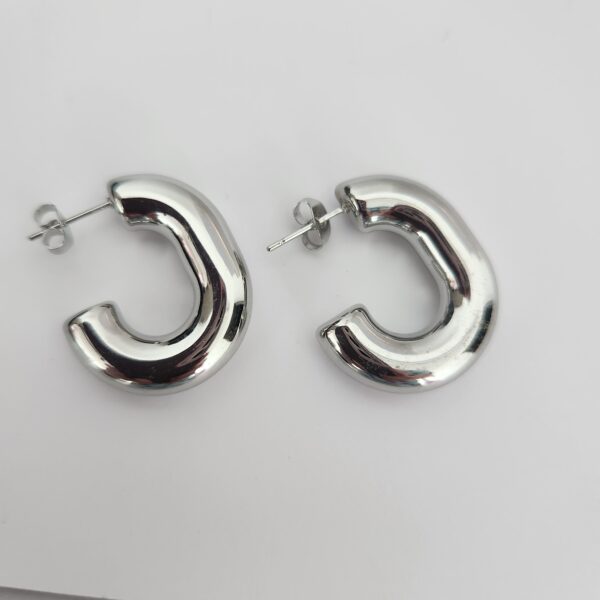 Acero Inoxidable ARETES 24A plata - Imagen 3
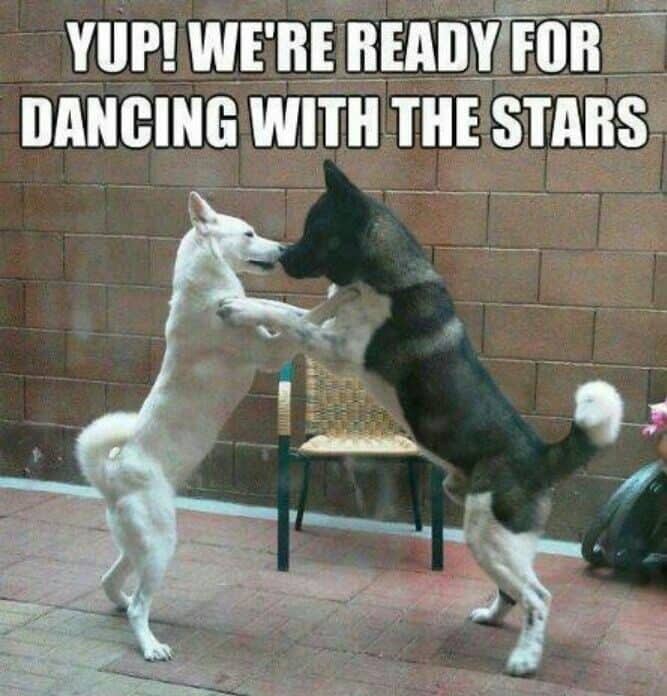 Dancing Dog Meme - Yup! we're ready for dancing with the stars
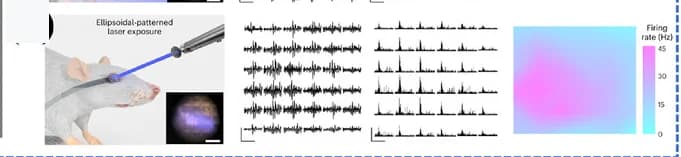 Open access visualization of Line Plot, Photo, Microscopy, Heatmap, In Vivo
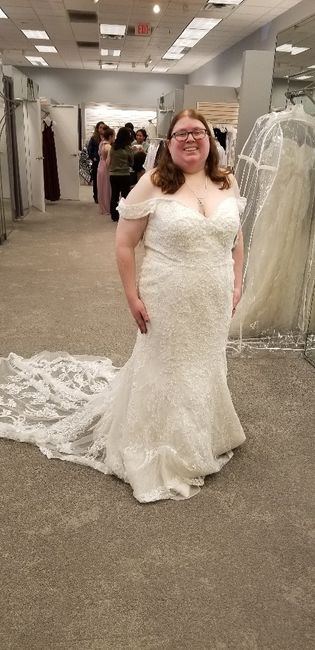 Wedding Dress Shopping 3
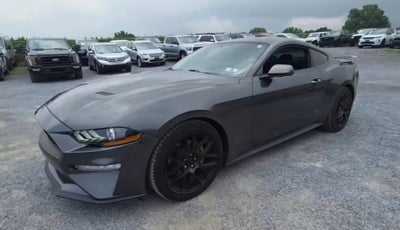 2019 Ford Mustang EcoBoost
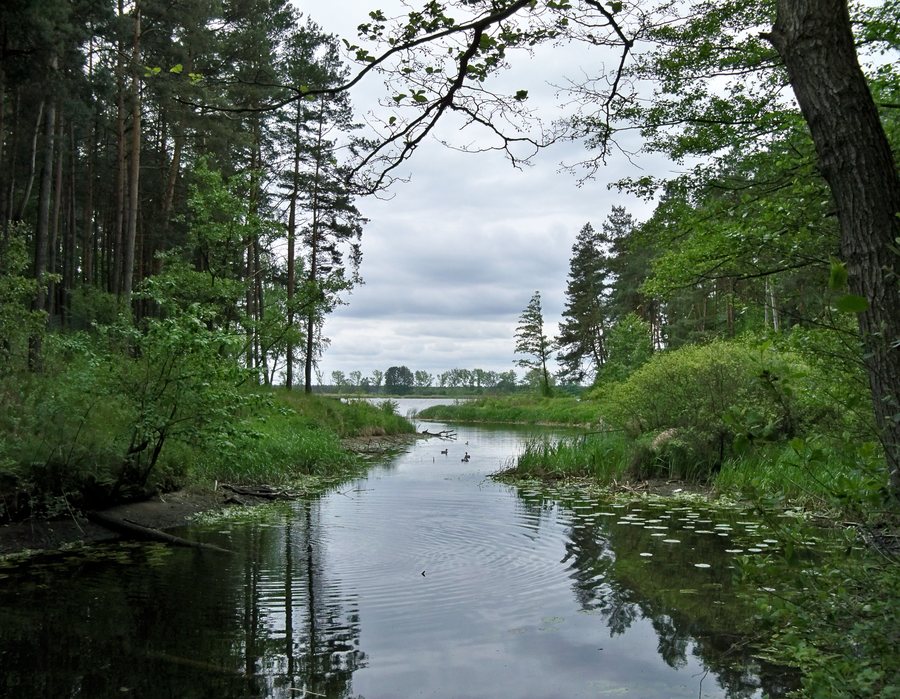 File:Odnoga jeziora zegrzyńskiego jachranka.jpg
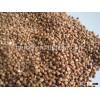 Roasted buckwheat kernel buckwheat from china price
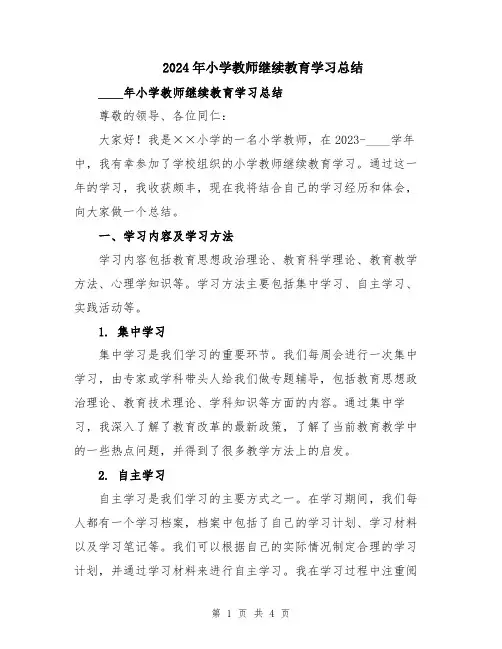 2024年小学教师继续教育学习总结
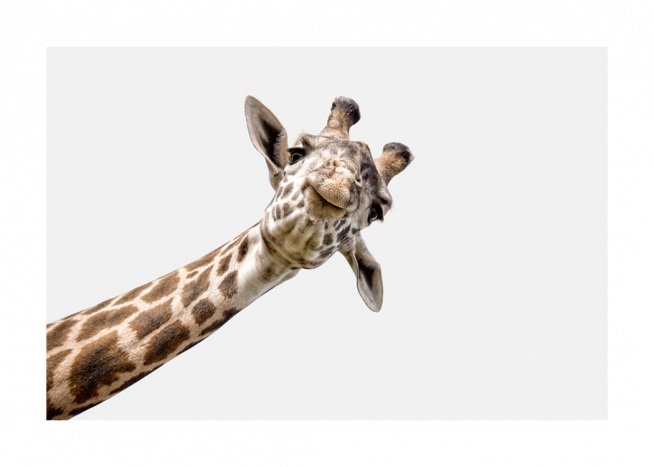 Gravure d'enfant avec une girafe jetant un coup d'oeil dehors par le côté
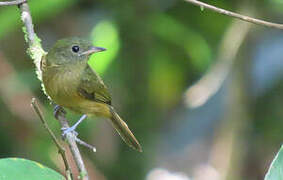 McConnell's Flycatcher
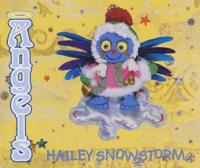 Hailey Snowstorm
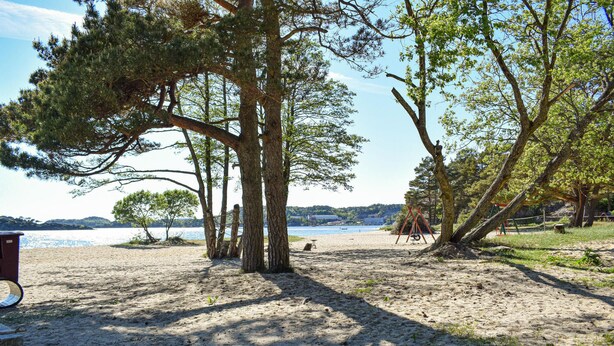 Een strand met bomen, een zandgebied en uitzicht op het water.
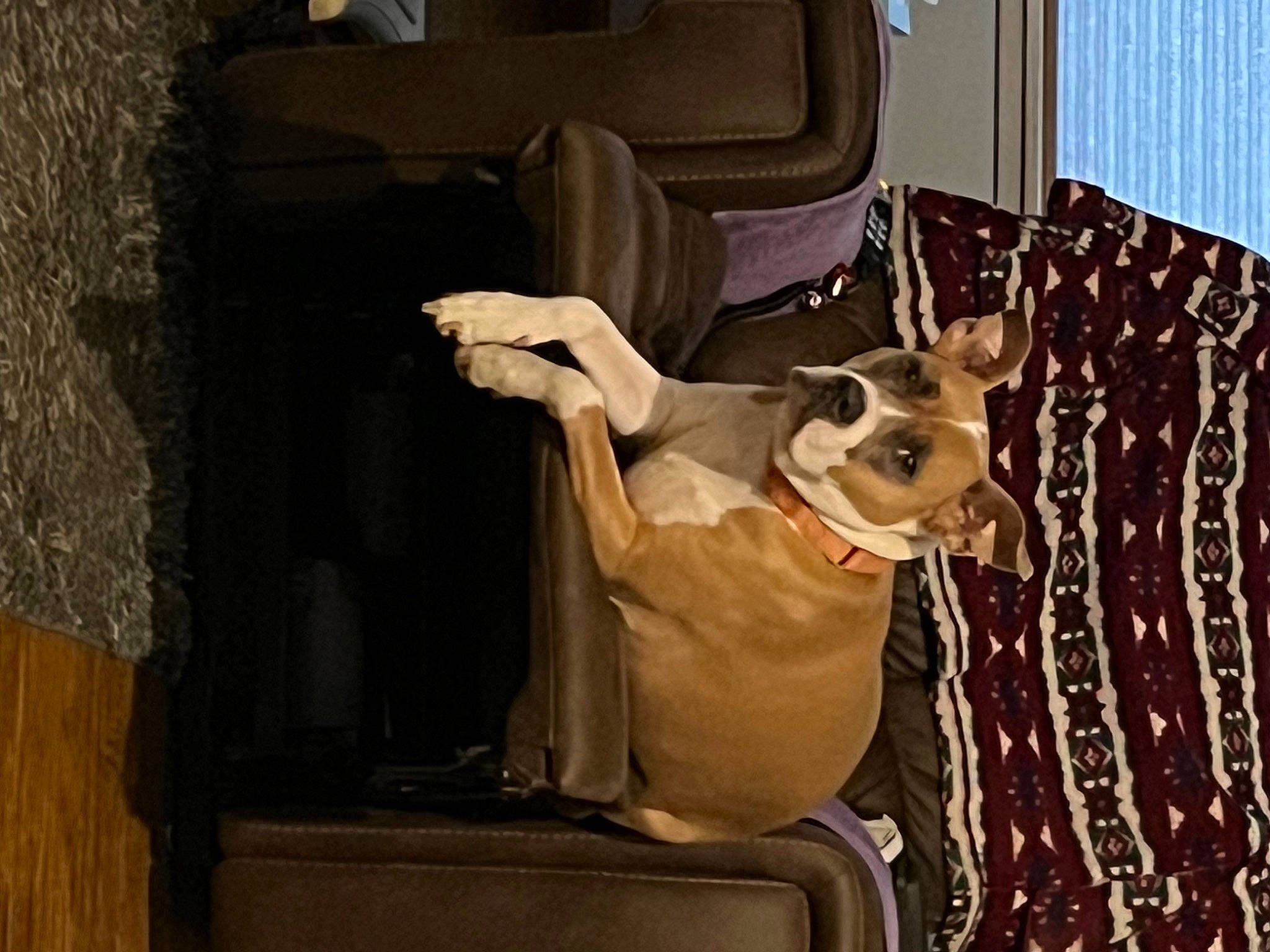 Hope is registered to the contest to win money with this photo: art, canidae, carnivore, comfort, companion_dog, curtain, dog, dog_breed, event, fawn, felidae, interior_design, room, small_to_medium_sized_cats, snout, toy_dog, whiskers, window, wood, working_animal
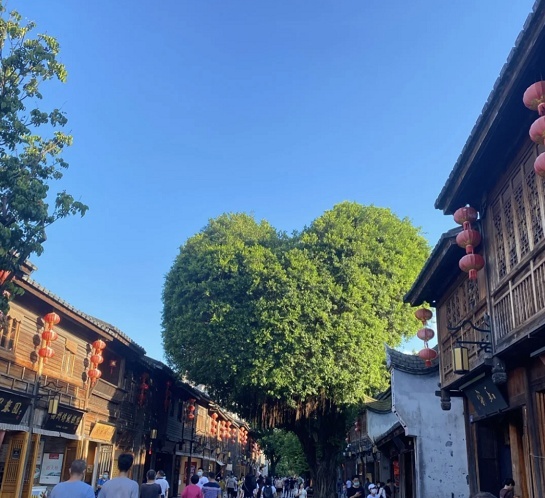 爱你的形状！福州三坊七巷这棵树火了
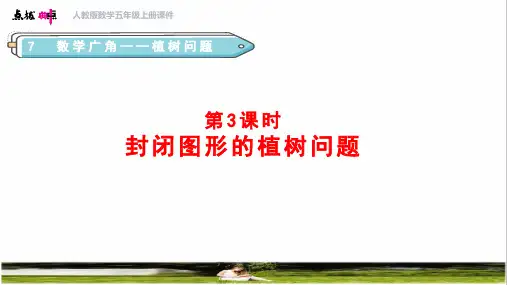 人教版五年级数学上册第七单元《封闭曲线上植树的问题》教学课件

========

PROBLEM REQUIREMENTS>
When you find the line that contains "Open access visualization", retype it and every line after it through the end of the data above, exactly, with no pictures.

RESPONSE FOR THIS EXERCISE>
 Open access visualization of Line Plot, Photo, Microscopy, Heatmap, In Vivo
 Wedding Dress Shopping 3
 2019 Ford Mustang EcoBoost
 File:Odnoga jeziora zegrzyńskiego jachranka.jpg
 Roasted buckwheat kernel buckwheat from china price
 2024年小学教师继续教育学习总结
 Gravure d'enfant avec une girafe jetant un coup d'oeil dehors par le côté
 McConnell's Flycatcher
 Hailey Snowstorm
 Een strand met bomen, een zandgebied en uitzicht op het water.
 Hope is registered to the contest to win money with this photo: art, canidae, carnivore, comfort, companion_dog, curtain, dog, dog_breed, event, fawn, felidae, interior_design, room, small_to_medium_sized_cats, snout, toy_dog, whiskers, window, wood, working_animal
 爱你的形状！福州三坊七巷这棵树火了
 人教版五年级数学上册第七单元《封闭曲线上植树的问题》教学课件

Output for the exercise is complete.